1. Federal judge Edward R. Korman slammed the Obama administration on Friday, denied the government’s request that he suspend his ruling making the morning-after emergency contraceptive pill available to women and girls of every age and without a prescription.

The Ronald Reagan appointed judge called efforts to delay distribution of the pill based on “frivolous” and “silly” arguments and not scientific evidence.

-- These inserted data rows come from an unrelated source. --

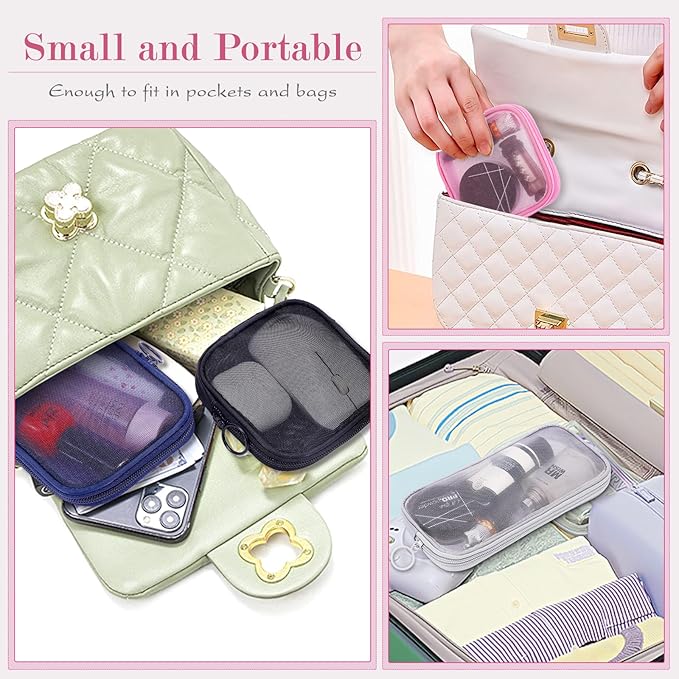 4 Pieces Mini Zipper Nylon Mesh Pouch, Mesh Cosmetic Bags Makeup Bags, Multipurpose Travel Toiletry Bags for Office Supplies and Travel Accessories (Navy Blue, S)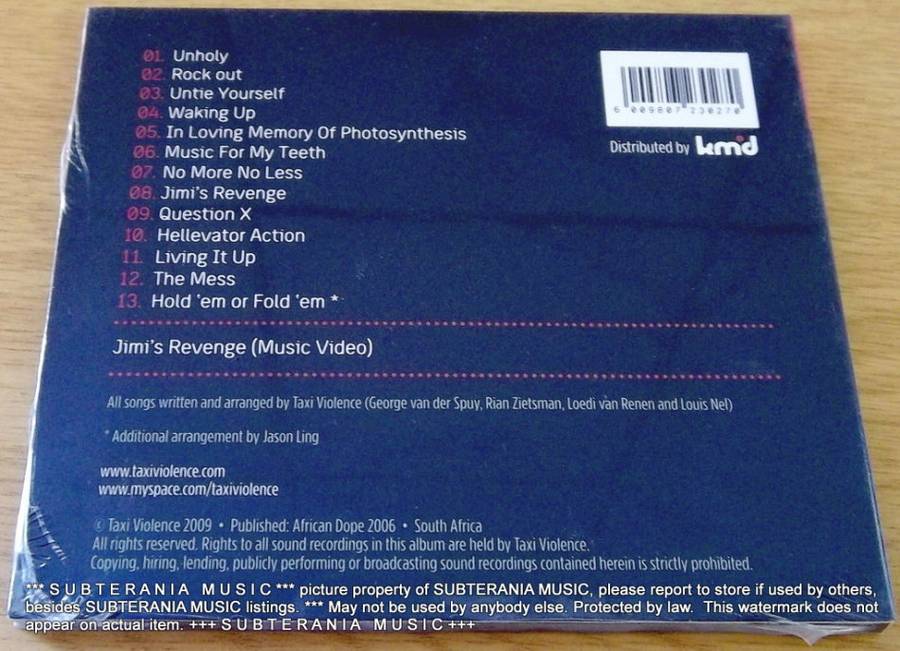 TAXI VIOLENCE Untie Yourself Special Edition Digipak SOUTH AFRICA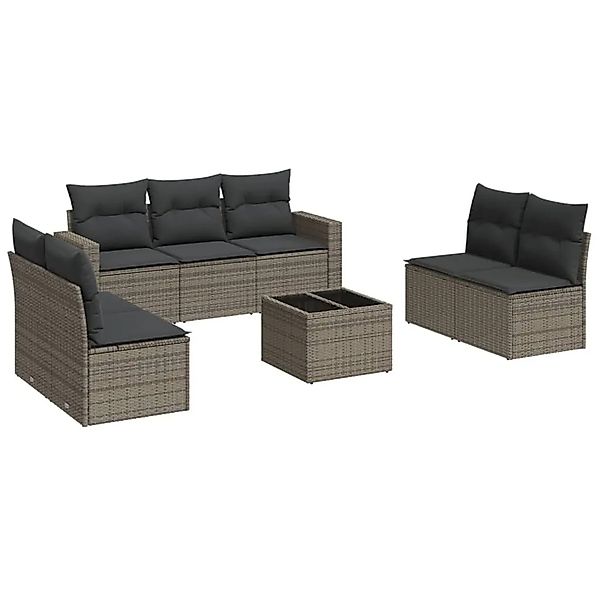 vidaXL 8-Tlg Garten-Sofagarnitur mit Kissen Grau Poly Rattan 3251177 günstig online kaufen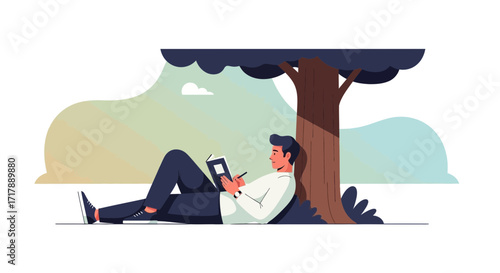 Man Reading A Book Under A Tree During A Relaxing Afternoon In Nature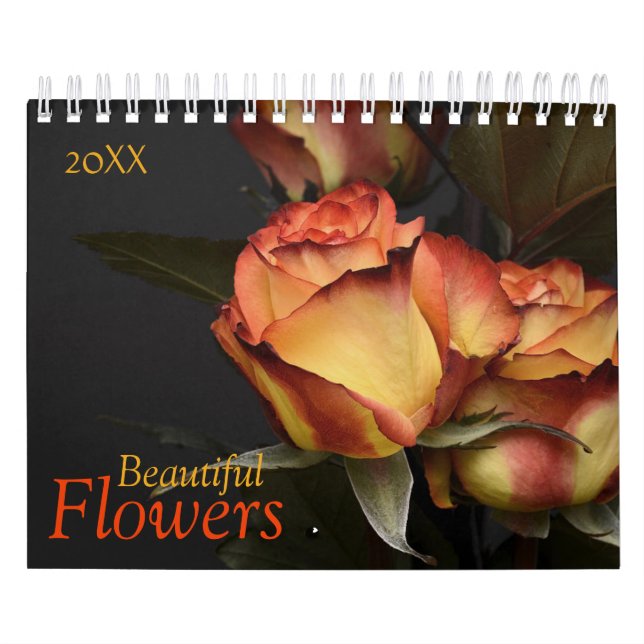 Anpassningsbar Flowers Calendar | Redigerbar årste Kalender (Omslag)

Korman is so angry over the efforts by secretary of health and human services Kathleen Sebelius to deny full implementation of the pill that he questioned her credibility and integrity.

Judge Korman postponed the enforcement of his order until today, allowing lawyers for the Justice Department to take their case to the appeals court. via NYT

2. In an attention-getting opening line, celebrity interviewer Lynn Hirschberg writes “The only thing that worried Michael Douglas about playing Liberace, the flamboyant Las Vegas superstar, was the fourteen-inch penis.”

Who knew!! Douglas opens up on playing Lee, as Liberace was known to friends, in HBO’s Behind the Candelabra’. The focus is the famed entertainer’s life with Scott Thorson, played by Matt Damon, who was Liberace’s live-in boyfriend for five years.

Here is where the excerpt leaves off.